Question

Let t be a variable quantity, find the locus of the point (x, y) when
$x=at+b{t}^2$ and $y=bt+a{t}^2.$

Answer 1

Given: $x=at+b{t}^2$ and $y=bt+a{t}^2$

To get the required locus, we are supposed to eliminate 't' from these equations.

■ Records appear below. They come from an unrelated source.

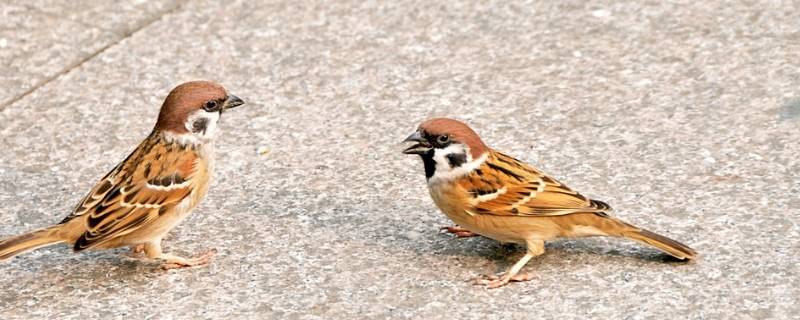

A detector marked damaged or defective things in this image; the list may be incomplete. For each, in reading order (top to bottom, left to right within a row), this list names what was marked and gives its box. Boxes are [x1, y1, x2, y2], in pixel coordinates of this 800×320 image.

crack in concrete [0, 0, 188, 112]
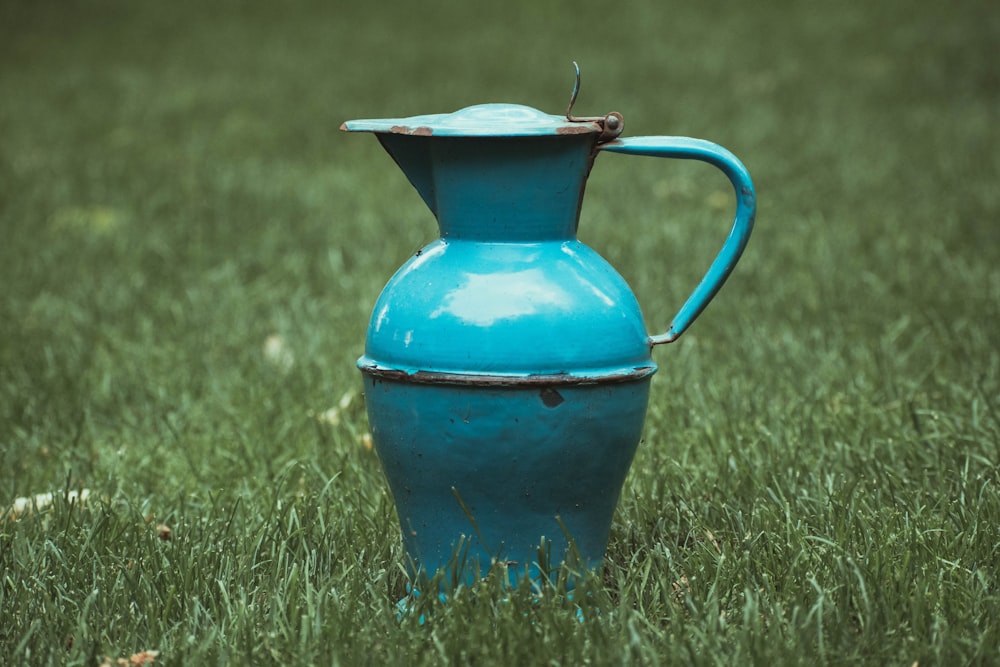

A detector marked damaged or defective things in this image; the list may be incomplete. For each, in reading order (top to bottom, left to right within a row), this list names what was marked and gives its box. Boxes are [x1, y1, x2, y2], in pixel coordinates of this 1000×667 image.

rust spot [540, 386, 564, 408]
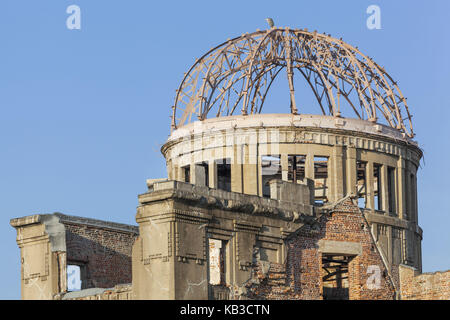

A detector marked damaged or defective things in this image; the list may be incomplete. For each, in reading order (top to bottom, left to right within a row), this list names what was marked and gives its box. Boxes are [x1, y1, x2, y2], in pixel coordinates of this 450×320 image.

corroded metal [173, 27, 414, 138]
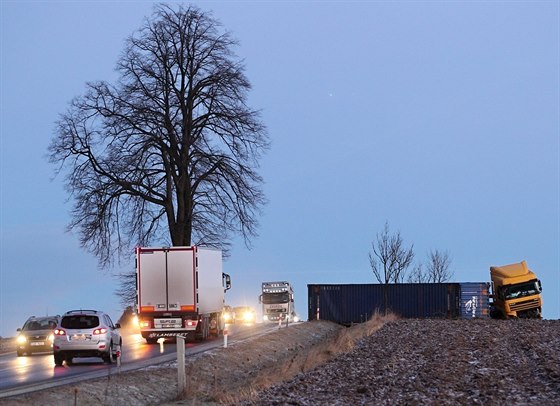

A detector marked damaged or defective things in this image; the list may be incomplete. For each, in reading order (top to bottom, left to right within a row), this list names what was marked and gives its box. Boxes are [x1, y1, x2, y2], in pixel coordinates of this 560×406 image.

overturned yellow truck [490, 262, 544, 318]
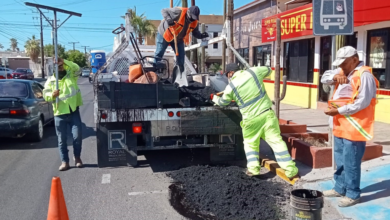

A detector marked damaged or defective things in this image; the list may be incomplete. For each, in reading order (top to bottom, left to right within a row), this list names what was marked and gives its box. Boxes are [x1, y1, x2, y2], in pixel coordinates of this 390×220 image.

asphalt patch on road [166, 166, 290, 219]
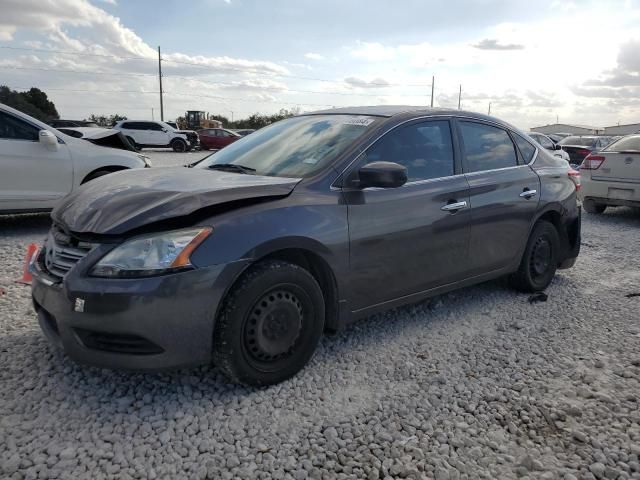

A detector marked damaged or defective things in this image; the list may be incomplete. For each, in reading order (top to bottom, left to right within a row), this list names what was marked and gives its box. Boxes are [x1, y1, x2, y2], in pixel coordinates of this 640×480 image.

damaged white vehicle [0, 104, 149, 215]
crumpled hood [52, 168, 300, 235]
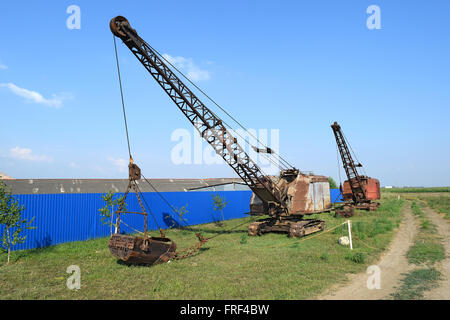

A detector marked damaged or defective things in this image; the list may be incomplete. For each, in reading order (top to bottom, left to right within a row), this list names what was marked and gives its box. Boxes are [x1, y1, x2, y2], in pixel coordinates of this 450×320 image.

rusty dragline crane [110, 15, 330, 249]
rusty dragline crane [330, 121, 380, 216]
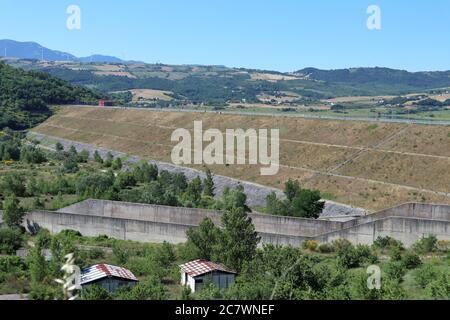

$\Rightarrow$ $x=at+b{t}^2$ ..... $\left(i\right)$

$\Rightarrow$ $y=bt+a{t}^2$ ..... $\left(ii\right)$

Subtracting the eqn $b\times \left(ii\right)$ from $a\times \left(i\right)$, we get

$\Rightarrow$ $ax-by=(a^2-b^2)t$ ..... $I$

Subtracting eqn $b\times \left(i\right)$ from $a\times \left(ii\right)$ gives,

$\Rightarrow$ $ay-bx=(a^2-b^2)t^2$ ...... $II$

Substitute 't' from I in eqn. II

$\Rightarrow$ $ay-bx=(a^2-b^2)(\frac{ax-by}{a^2-b^2}{)}^2$

$\Rightarrow$ $(ax-by{)}^2=(a^2-b^2\left)\right(ay-bx)$

This is the required locus of the point (x,y).